INDIANAPOLIS — In a move that has stunned NFL front offices and financial analysts alike, Colts quarterback Daniel Jones has reportedly demanded his next contract be paid exclusively in a volatile mix of cryptocurrencies, citing a desire for 'true financial innovation' and a hedge against 'fiat currency's inevitable decline.' The request comes after Jones allegedly rejected a traditional three-year, $100 million offer.
“Mr. Jones believes in the decentralized future of finance,” stated agent 'Block' Chainsworth, speaking from a yacht anchored off the coast of the Metaverse. “Why settle for mere millions when you can have a digital asset portfolio that could, theoretically, be worth infinite millions, or zero, depending on Tuesday? It’s about vision.”
The proposed contract reportedly includes a base salary in Ethereum, performance bonuses in Solana, and a signing bonus tied to a newly minted meme coin named 'DimeTimeDan.' A particularly unique clause stipulates a 'loyalty bonus' in the form of a non-fungible token (NFT) of one of Jones's game-worn socks, to be delivered digitally upon contract signing.

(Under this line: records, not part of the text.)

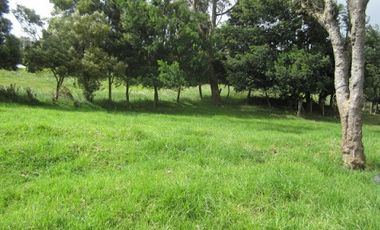 VENTA de LOTES en LA CALERA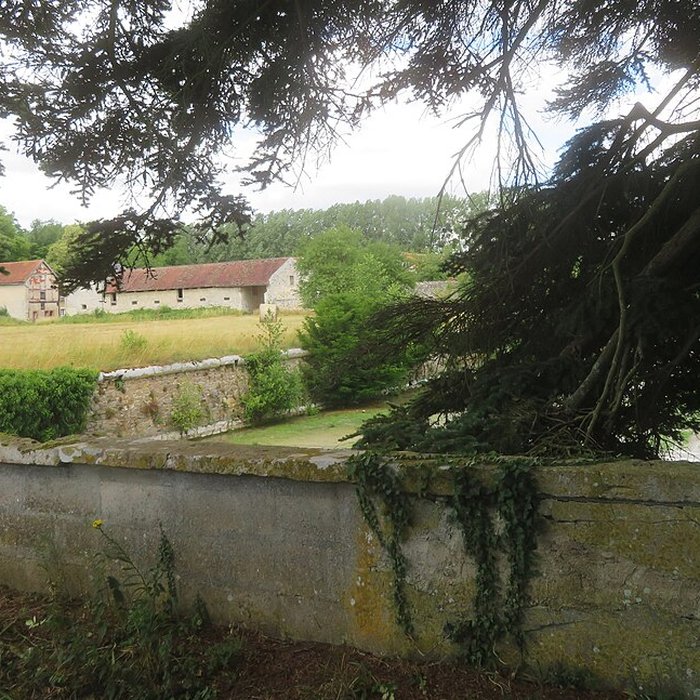 Photo de Château de Gesvres-le-Duc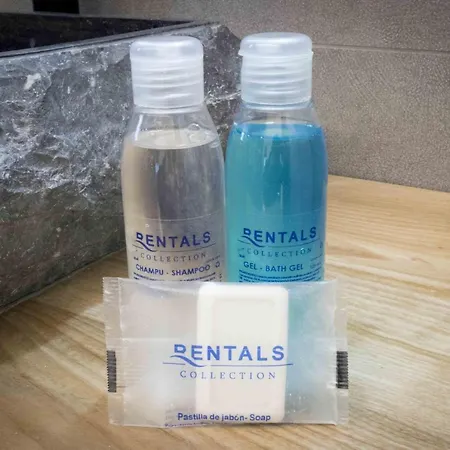 The Collection - Atlantic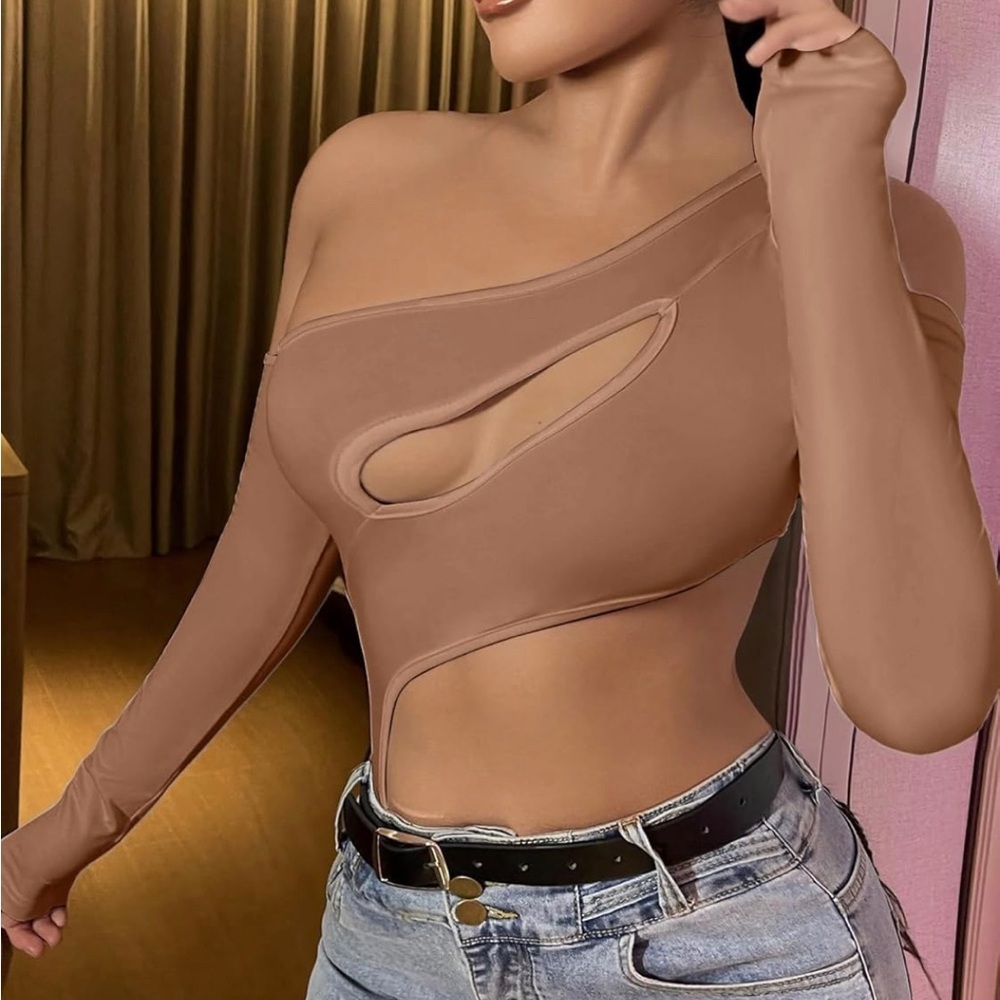 Women’s Bodysuit 🤎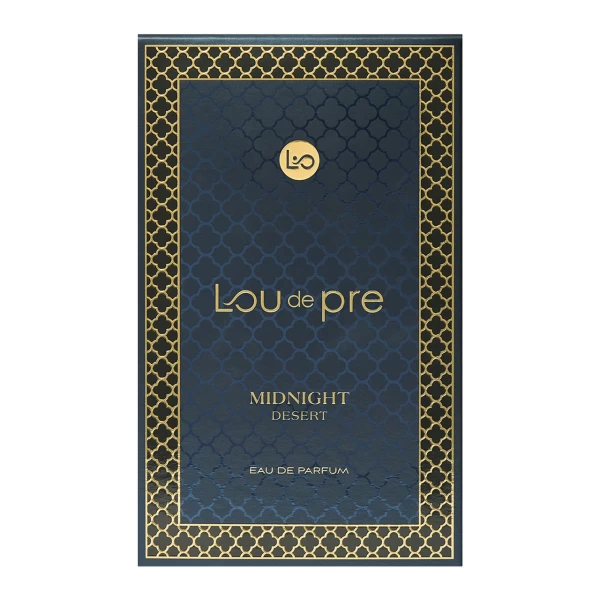 Lou de Pre парфюмерная вода 90мл Midnight Desert - image 3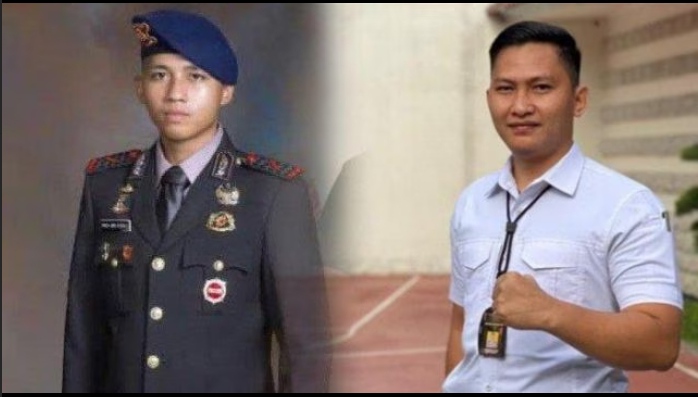 Peran Tersangka Pembunuhan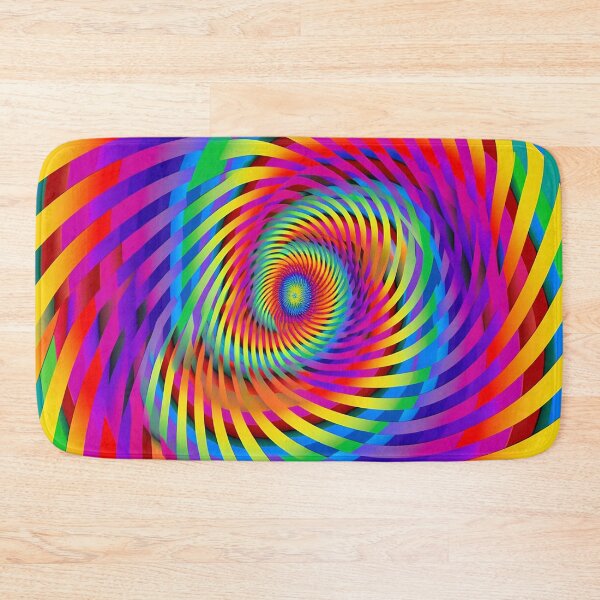 Item preview, Chromatic Helix designed and sold by CustomHDPrints.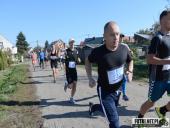 2018.10.14 - CHARYTATYWNY BIEG PO UŚMIECH DLA IZY - CZĘŚĆ 3 i 4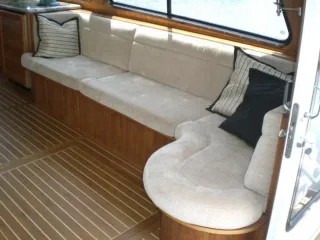 Tapicería Náutica Valencia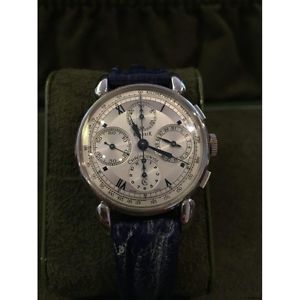 Chronoswiss Klassik 1250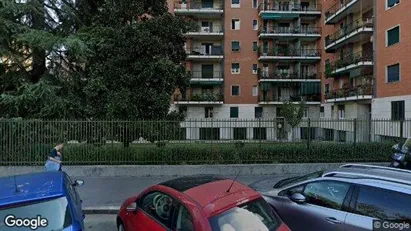 Rooms for rent in Milano Zona 6 - Barona, Lorenteggio - Photo from Google Street View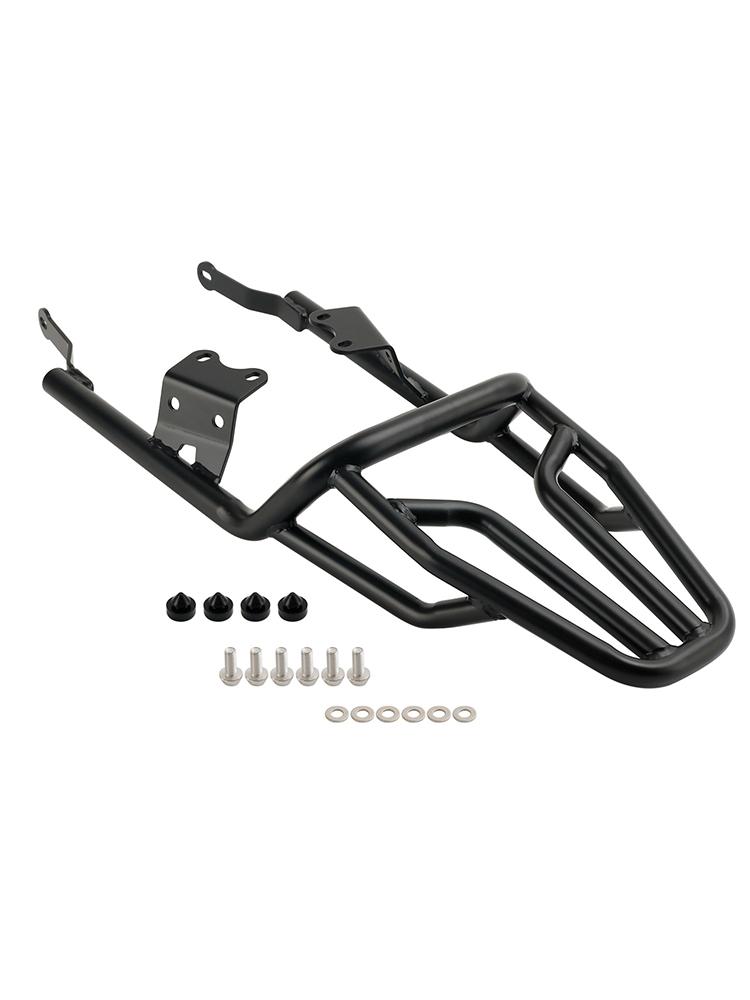 

Задний багажник для кофра для Triumph Street Twin 900 2016-2024 Speed Twin 2023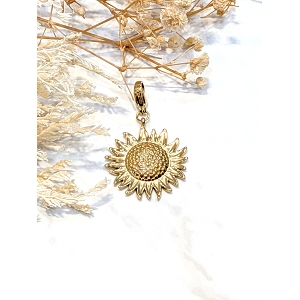 SCARPY CREATION CHARMES<br>Or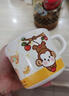 五和（WUHE）兒童水杯幼兒園直飲小孩寶寶學(xué)飲杯嬰兒小學(xué)生卡通防燙耐摔刷牙杯 哆啦A夢(mèng)帶蓋杯 贈吸管 200ml 曬單實(shí)拍圖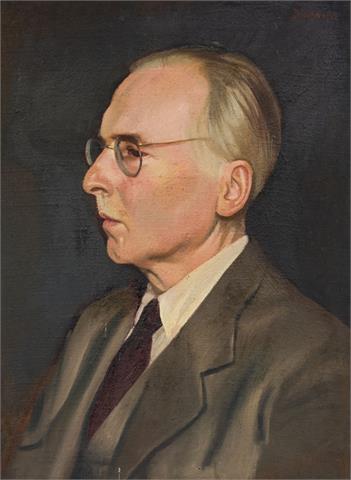Bernhard Dörries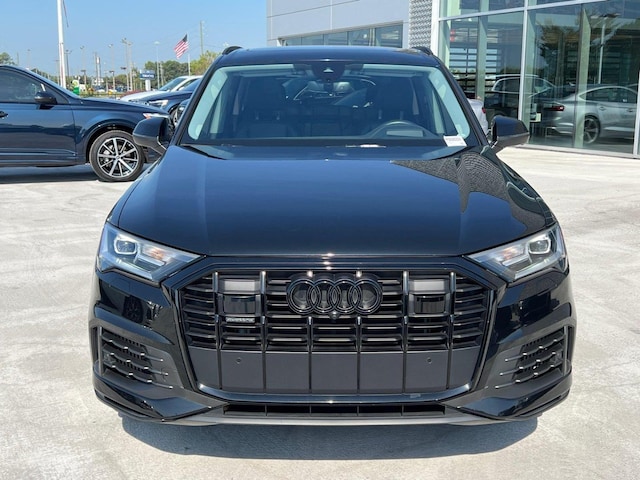 2023 Audi Q7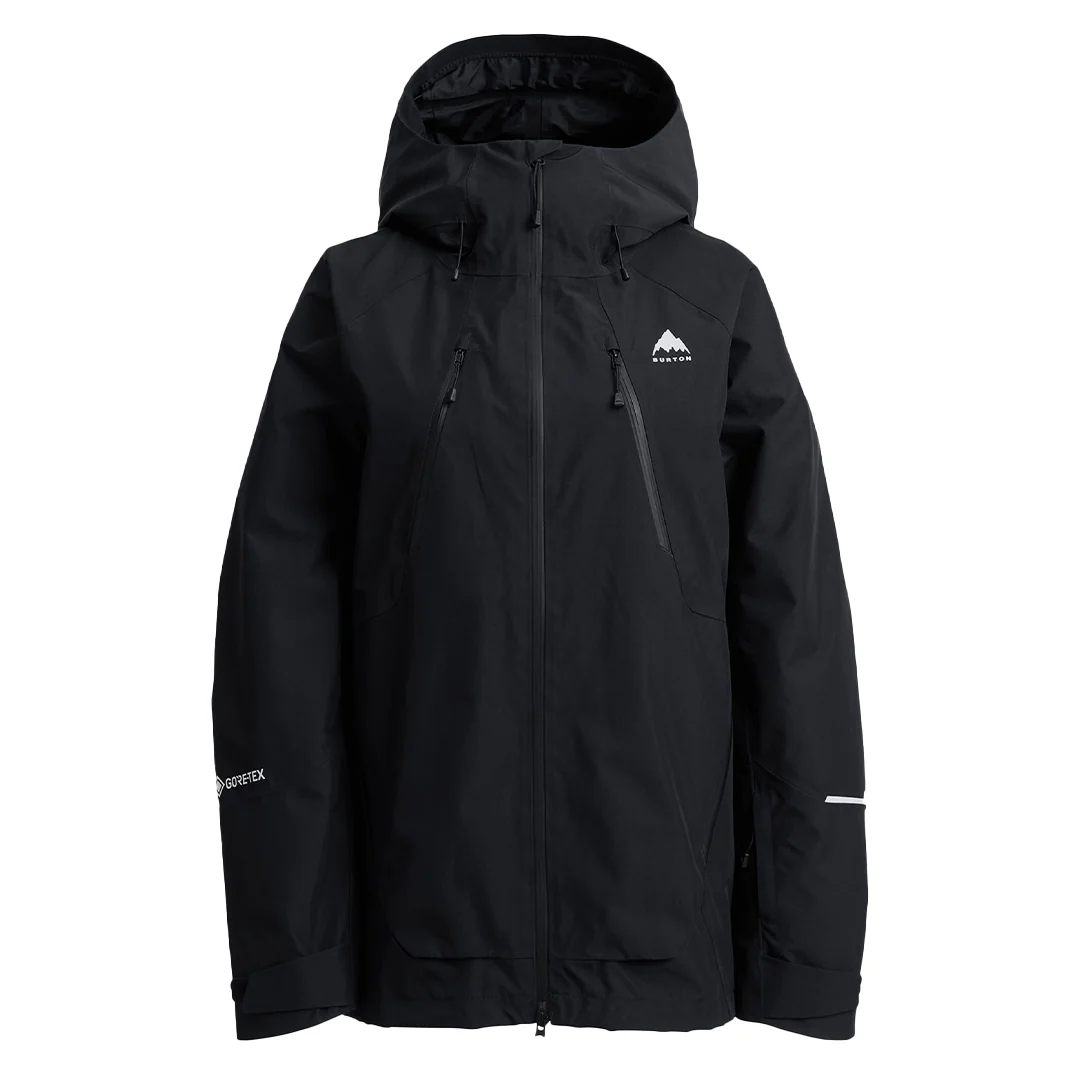 Burton Women's Reserve GoreTex 2L Jacket 2026 - Image 10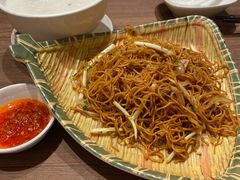 -广州天河合景福朋喜来登酒店 · 聚味轩中餐厅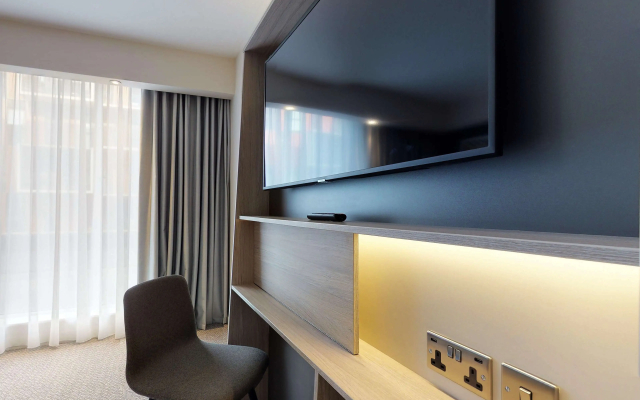 Hampton by Hilton Manchester Northern Quarter - 3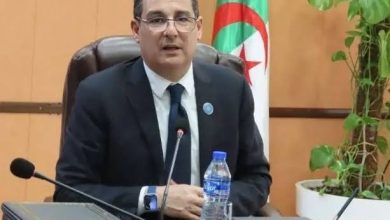 صورة نظير دورهم في تعزيز مسار الرقمنة..آيت مسعودان يكرم مهندسي الإعلام الآلي بقطاع الصحة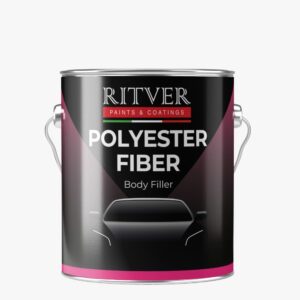 Ritver Polyester Fiber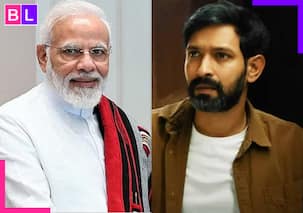 पीएम नरेंद्र मोदी ने देखी The Sabarmati Report, Vikrant Massey बोले- 'ये मेरे करियर का सबसे बेहतरीन पल'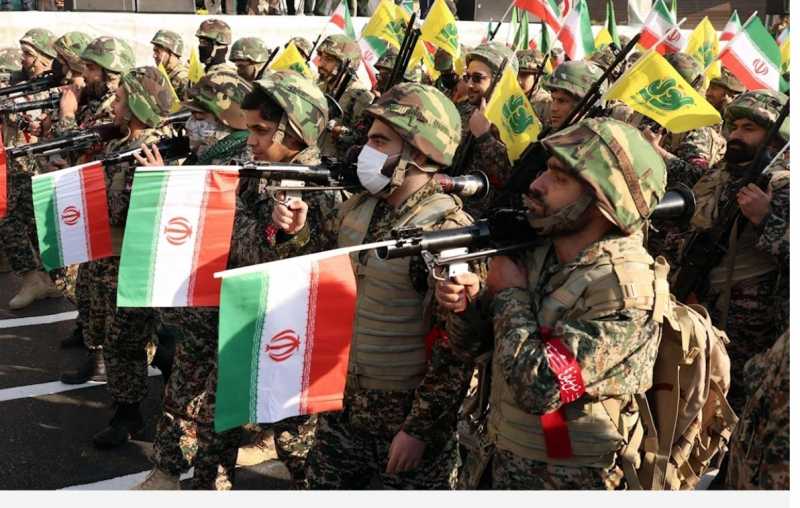 إيران تعلن استشهاد 3 علماء نوويين جدد و3 من الحرس الثوري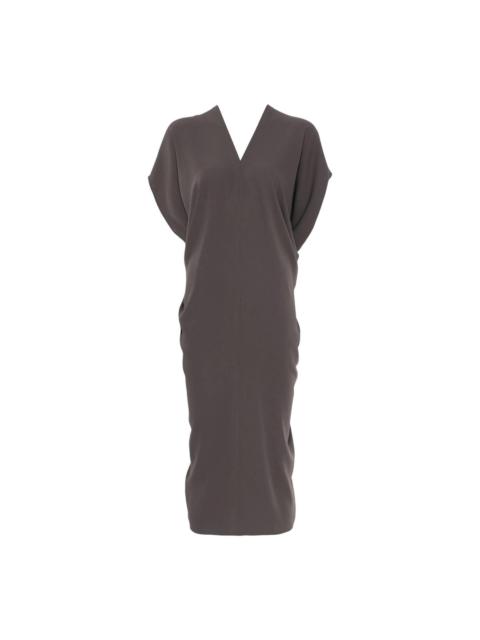 MM6 Maison Margiela Polyester Fluid Dress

Colts General Manager Chris Ballard, reportedly seen muttering about 'audibles' and 'cap space' while staring blankly at a Bitcoin chart, declined to comment directly. However, a team insider, speaking on condition of anonymity, admitted, “We’re just trying to figure out if we can pay the offensive line in Dogecoin without violating league rules. This is uncharted territory.”
The league's collective bargaining agreement is said to be undergoing an emergency review to determine how to value, tax, and potentially liquidate a player's salary if it's stored on a blockchain. Meanwhile, Jones is reportedly considering an endorsement deal with a startup that promises to turn your physical assets into 'fractionalized digital collectibles' for maximum liquidity, or something.